Grotowski aujourd’hui encore

Grotowski aujourd’hui encore 

  grotowski-jerzy-portret-2_6885682Philippe Adrien, le directeur du Théâtre de la Tempête, a organisé une rencontre autour du metteur en scène et théoricien Ludwig Flashen, à l’occasion de la publication de son livre Grotowski, suivie par la projection d’Akropolis, que Jerzy Grotowski mit en scène à Wroclaw en 1962, et par une performance de Jaroslaw Fret.
  Critique dramatique et écrivain, Ludwig Flashen est d’autant plus autorisé à parler de l’histoire et des pratiques théâtrales de Jerzy Grotowski, qu’il fonda avec lui le Théâtre des treize rangs, à Opole en Pologne, qui préfigura son célèbre futur Théâtre-Laboratoire.
Ce fut donc un grand moment d’émotion, pour nous Parisiens, de l’entendre et l’occasion de voir que le metteur en scène polonais a fait école en Pologne comme en témoigne la performance de Jaroslaw Flet, mais aussi dans toute l’Europe.
 Chaque créateur comme entre autres, Peter Brook, Claude Régy ou  Ariane Mnouchkine, puisant à sa guise dans cet héritage.
Ludwig Flashen a retracé l’histoire du Théâtre-Laboratoire, et, en s’appuyant sur la lecture de quelques textes théoriques de Jerzy Grotowki, a expliqué en quoi consistait le «théâtre pauvre» et comment il a prolongé, à son insu, le projet d’Antonin Artaud.
Pour lui, le théâtre «riche» s’épuise souvent à courir après les techniques de l’image et du son, alors que le théâtre «pauvre» se concentre sur la relation immédiate et quasi sensuelle entre acteurs et spectateurs (qu’il considère non comme un public, mais comme des témoins). D’où le choix d’une petite jauge et la place de l’assistance au milieu de l’espace scénique. On ne salue pas, on n’applaudit pas, dans le théâtre pauvre. Un silence religieux est de mise, sans éclairages subtils, costumes et l’attirail du théâtre bourgeois.
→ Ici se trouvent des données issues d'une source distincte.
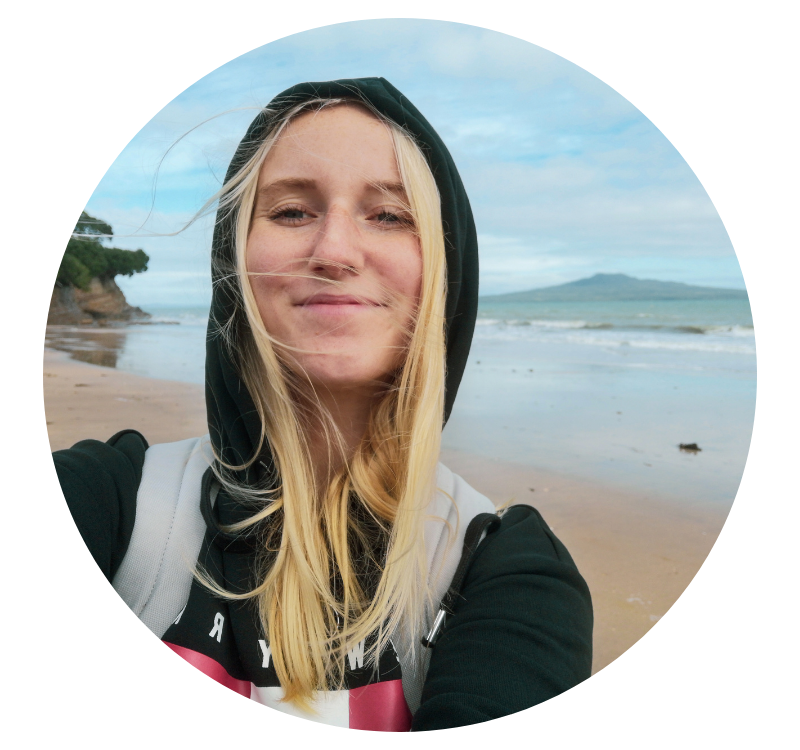 Abby D., Student Girl at beach with hoodie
Il s’agit de se concentrer sur le travail corporel de l’acteur. Le texte, comme on le verra dans Akropolis, est psalmodié, susurré, hurlé, ou chanté : voix, débit des mots, rythme et intonation sont ici plus importants que le sens, et, même non traduit, l’essentiel du message doit rester perceptible à des étrangers. Le spectacle, considéré avant tout comme une action vocale, devient un acte réalisé hic et nunc, devant et pour des témoins, et non comme une représentation naturaliste ! L’acteur doit être prêt à engager toutes ses ressources corporelles.
«Cruel envers moi-même» et « La cruauté, c’est la rigueur», disait Artaud. L’interprète doit alors être cruel envers lui-même. Son travail est une ascèse, et la représentation, une épreuve, une cérémonie quasi-sacrificielle.
  Le spectateur-témoin doit donc souffrir avec/dans un acte théâtral, vu comme acte total, en subissant la même ascèse que celle requis chez les comédiens.
«Rien de profond ne sort de l’improvisation», dit Jerzy Grotowski. Ses maîtres-mots: rigueur et humilité dans le travail, comme le pratiquent tous les artisans. Il s’agit de projeter acteurs et spectateurs dans quelque chose d’extrême (tout le contraire d’un divertissement!).
Dans cette recherche du sacré, Jerzy Grotowski, sans en avoir conscience, du moins au départ, a rejoint Antonin Artaud, qui refuse de séparer le physique et le spirituel. Il a toujours prétendu qu’il ne le connaissait pas, quand il a commencé  à faire des mises en scène et a toujours revendiqué Constantin Stanislawki et Bertold Brecht comme ses seuls maîtres.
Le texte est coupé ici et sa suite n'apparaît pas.